## PROBLEM:
Two lines in the listing below mark the span: one contains "Ladata Backpack Stylish" and one contains "Adidas Ultraboost 1.0". Reproduce both of them and everything between, exactly.

## DATA SHOWN:
_ _ _ _
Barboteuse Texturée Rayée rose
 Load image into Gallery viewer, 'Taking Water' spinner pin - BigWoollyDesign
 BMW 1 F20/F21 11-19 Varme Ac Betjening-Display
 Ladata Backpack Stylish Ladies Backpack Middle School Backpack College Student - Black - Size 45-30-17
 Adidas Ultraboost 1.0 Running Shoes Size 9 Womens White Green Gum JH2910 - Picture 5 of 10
_ _ _ _
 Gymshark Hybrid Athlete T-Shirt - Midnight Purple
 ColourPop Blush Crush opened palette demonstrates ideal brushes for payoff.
_ _ _ _
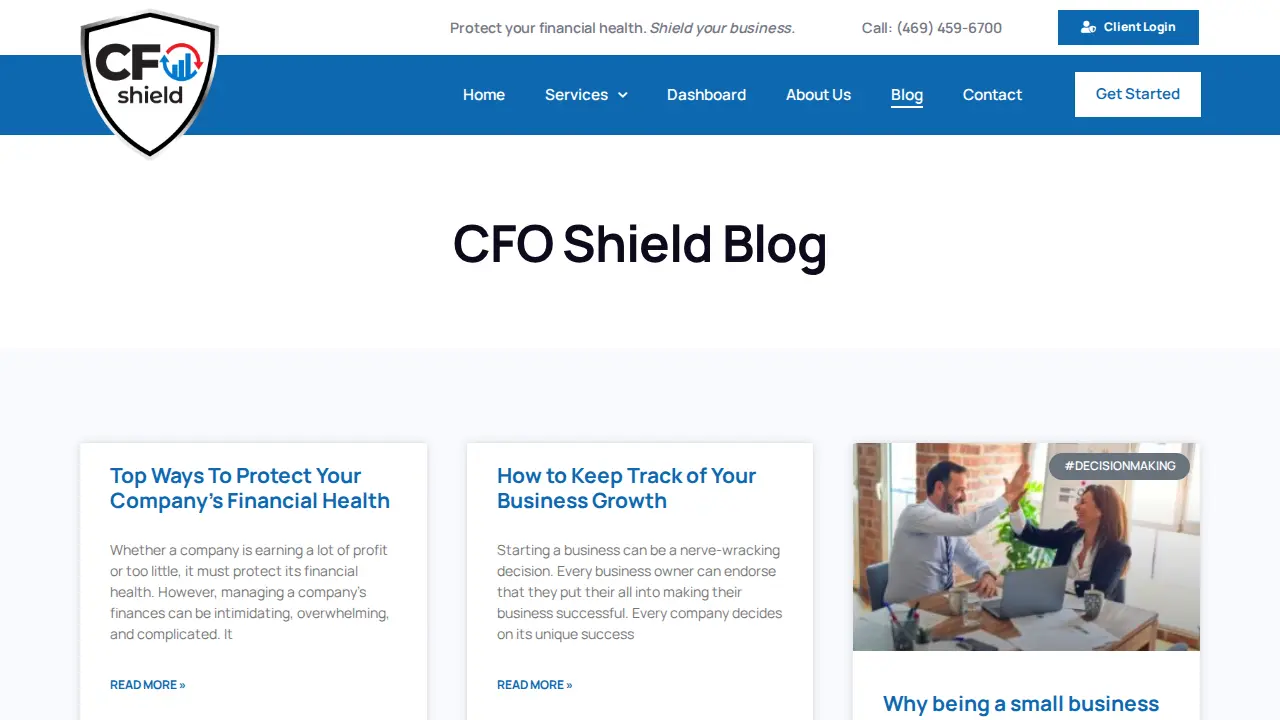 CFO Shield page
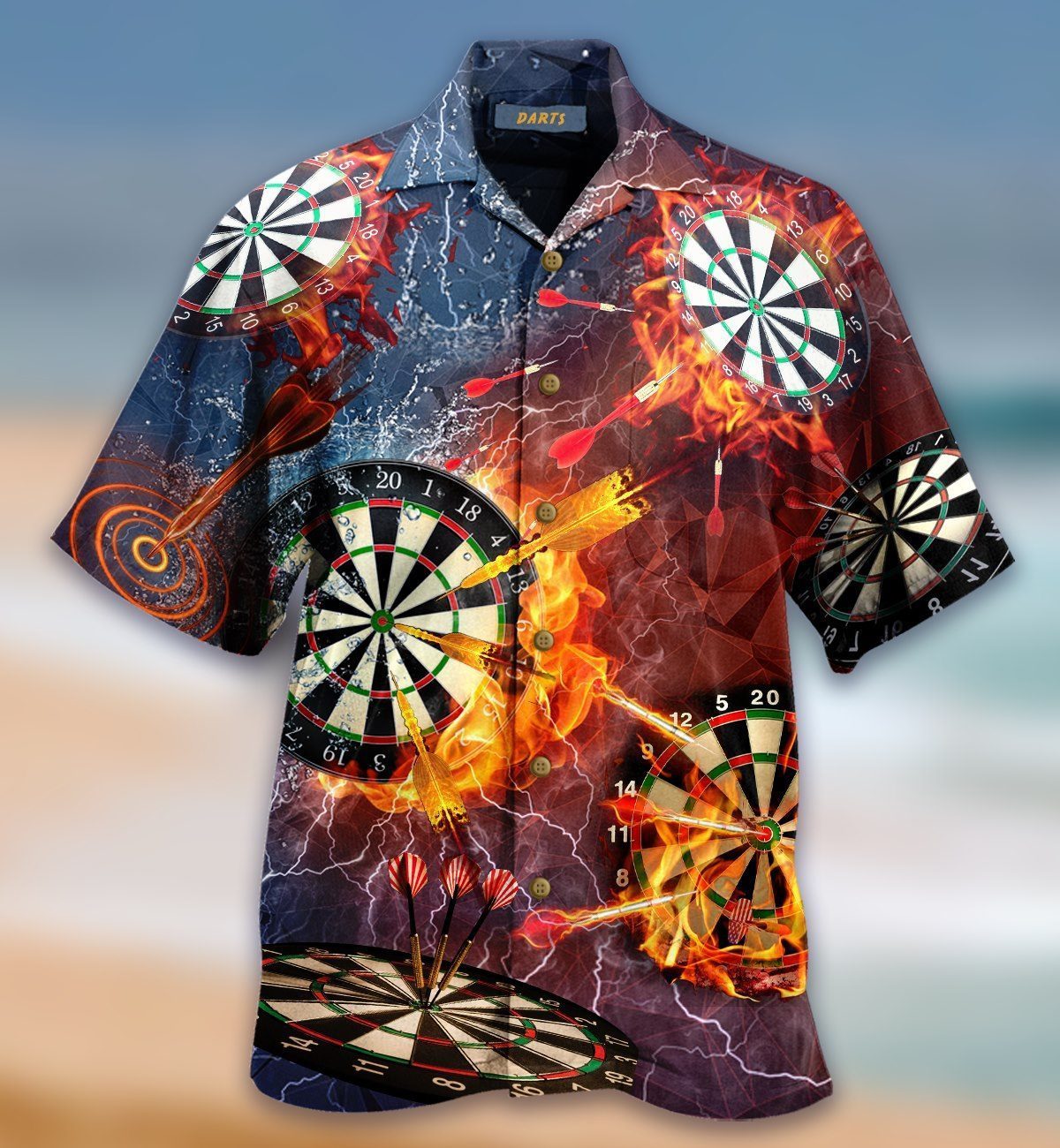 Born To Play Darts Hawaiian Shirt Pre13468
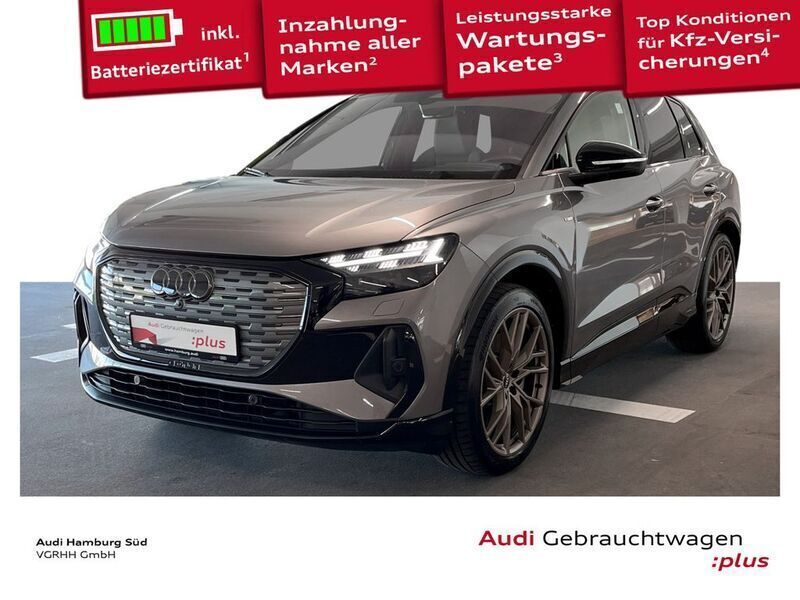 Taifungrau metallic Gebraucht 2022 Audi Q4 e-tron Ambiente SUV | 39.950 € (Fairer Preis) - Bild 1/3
_ _ _ _
## OUTPUT BELOW:
 Ladata Backpack Stylish Ladies Backpack Middle School Backpack College Student - Black - Size 45-30-17
 Adidas Ultraboost 1.0 Running Shoes Size 9 Womens White Green Gum JH2910 - Picture 5 of 10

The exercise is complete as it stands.